** Opening PROVIDED MATERIAL block **

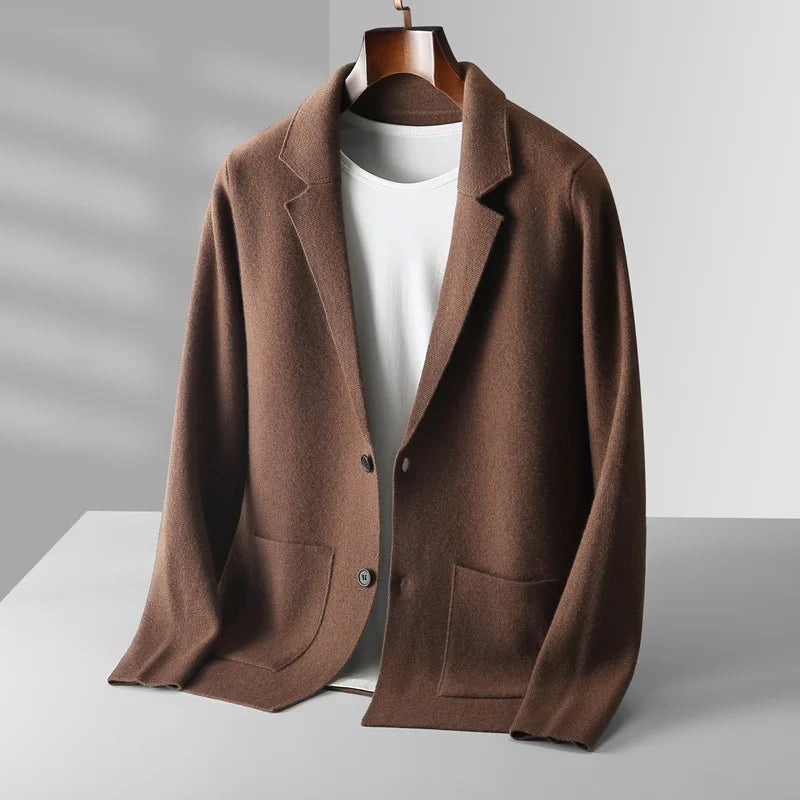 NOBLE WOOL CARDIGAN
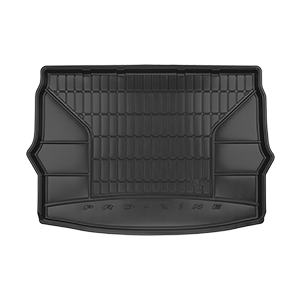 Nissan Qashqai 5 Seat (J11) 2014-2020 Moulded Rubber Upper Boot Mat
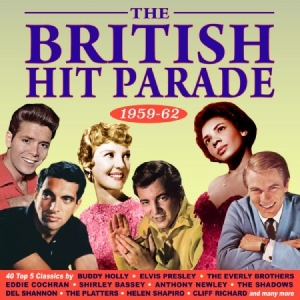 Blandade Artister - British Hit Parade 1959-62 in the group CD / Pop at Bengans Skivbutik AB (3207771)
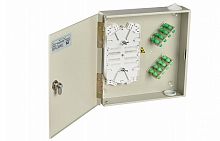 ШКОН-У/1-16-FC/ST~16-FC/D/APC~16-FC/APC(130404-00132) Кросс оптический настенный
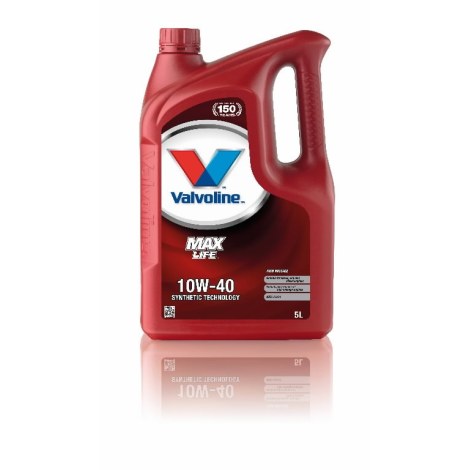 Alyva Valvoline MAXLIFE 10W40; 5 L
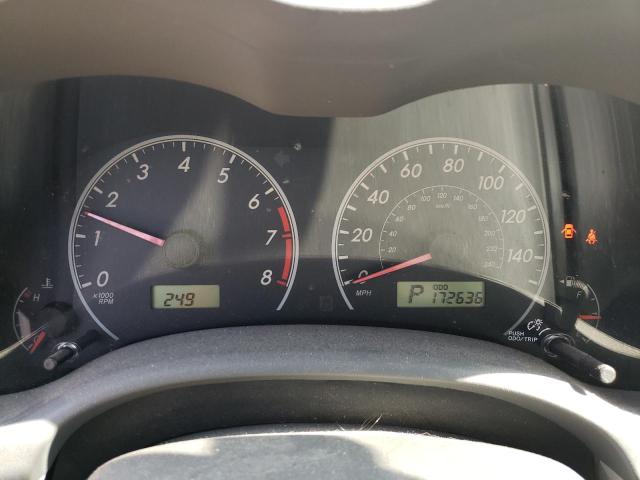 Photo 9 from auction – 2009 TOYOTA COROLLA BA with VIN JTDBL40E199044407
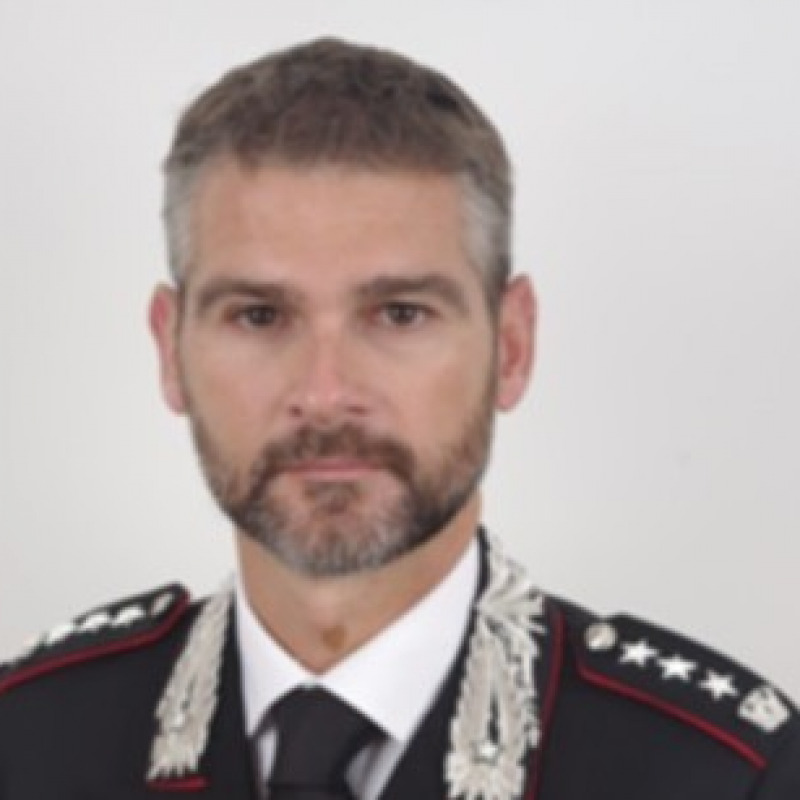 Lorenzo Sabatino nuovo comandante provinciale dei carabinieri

** Closing PROVIDED MATERIAL block **

▸ AIM OF THE EXERCISE: Reproduce the data above exactly, leaving each picture out.

▸ RESULT OF THIS EXERCISE:
 NOBLE WOOL CARDIGAN
 Nissan Qashqai 5 Seat (J11) 2014-2020 Moulded Rubber Upper Boot Mat
 Blandade Artister - British Hit Parade 1959-62 in the group CD / Pop at Bengans Skivbutik AB (3207771)
 ШКОН-У/1-16-FC/ST~16-FC/D/APC~16-FC/APC(130404-00132) Кросс оптический настенный
 Alyva Valvoline MAXLIFE 10W40; 5 L
 Photo 9 from auction – 2009 TOYOTA COROLLA BA with VIN JTDBL40E199044407
 Lorenzo Sabatino nuovo comandante provinciale dei carabinieri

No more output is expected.